「健康なからだ」テトスへの手紙1章1節-5節

 誰もが健康でいたいと思っています。健康を維持するために健康診断を受けます。元気でいたいからです。

 今朝の「健康なからだ」は、わたしたちの身体のことではなく、教会のことです。キリストのからだとしての教会のことです。教会も健康でなければいけません。教会が健康であるということはキリストのからだであるひとりひとりが健康であるということです。健康を害するようなことになってはいけません。病んでしまってはいけません。だからパウロはテトスに手紙を書き送ったのでしょう。テトスはクレタ島にいました。

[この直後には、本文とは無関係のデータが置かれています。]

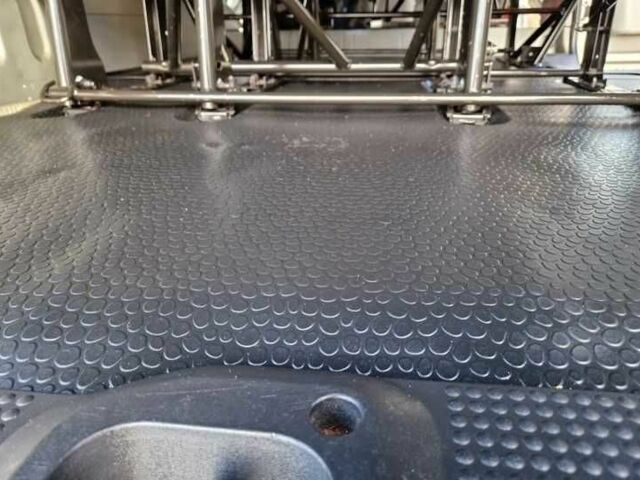 Серый Опель Виваро, объемом двигателя 2 л и пробегом 258 тыс. км за 7800 $, фото 9 на Automoto.ua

クレタの人はうそつきで、たちの悪いけものと言われ、なまけ者で食いしんぼうでした。(テトス1:12参照)パウロは危険を感じていたのでしょう。信仰を同じうするテトスに、健康な教会形成をしてもらうためにテトスのすべきことを書いて、彼に託したのでしょう。

 イエス・キリストの福音によって救われた人々の集まりが、教会として生けるイエス・キリストを証していくためにどうしたらよいかがこの手紙には書かれています。ここには長老、監督がいます。お年寄りの男女がいます。若い男女もいて、それから奴隷がいます。グループに分けられています。そしてそれぞれのグループの中でやるべきことをやるように指導しています。(テトス1:5-20参照)どのグループにも共通して強調されていることは、「慎み深くある」ということです。神に愛されているひとりひとりが、神を愛し、神が愛しておられる隣人を愛するという愛から生まれてくる「慎み」です。神の愛によって慎む生活、歩みこそ健康な教会(からだ)なのです。

 この健康な歩みの土台はイエス・キリストの十字架による救いです。「キリストが私たちのためにご自身を献げられたのは、私たちをあらゆる不法から贖い出し、良い行いに熱心な民をご自分のものとして清めるためだったのです」(テトス2:14)。良いわざに熱心なのはイエス・キリストの贖いによるのです。わたしたちを不法から贖い出すために、イエスは「ご自身をささげられた」のです。これがイエスの十字架なのです。感謝せずにはいられません。そのようにして救われたわたしたちは「特別に選抜された者」なのです。その救われた時、聖霊によって「維新」、全く新しく造り変えてくださったのです。(テトス3:5と2:14の文語訳参照)ここから新しい歩み、健康な歩み、神を愛し他者を愛する歩み、慎み深い歩みが始まったのです。

 ひとりひとりが健康でいなければ健康なからだとしての教会は形成されていきません。それだけに神に愛されているわたしたちは、祈りと聖書のみことばを通して神と生ける深い交わりをし、それぞれの十字架による救いの恵みを新たに受け止めて、常にその恵みに立って歩みましょう。そこから慎み深い愛の生活が生まれてきます。神に赦していただいた者だからと、相手のことを思って言うベきこと、すべきことを差し控える、配慮をする歩みが生まれます。愛の生活をし、多くの人を健康に導いていく健康なからだとしての教会の歩みをしていきましょう。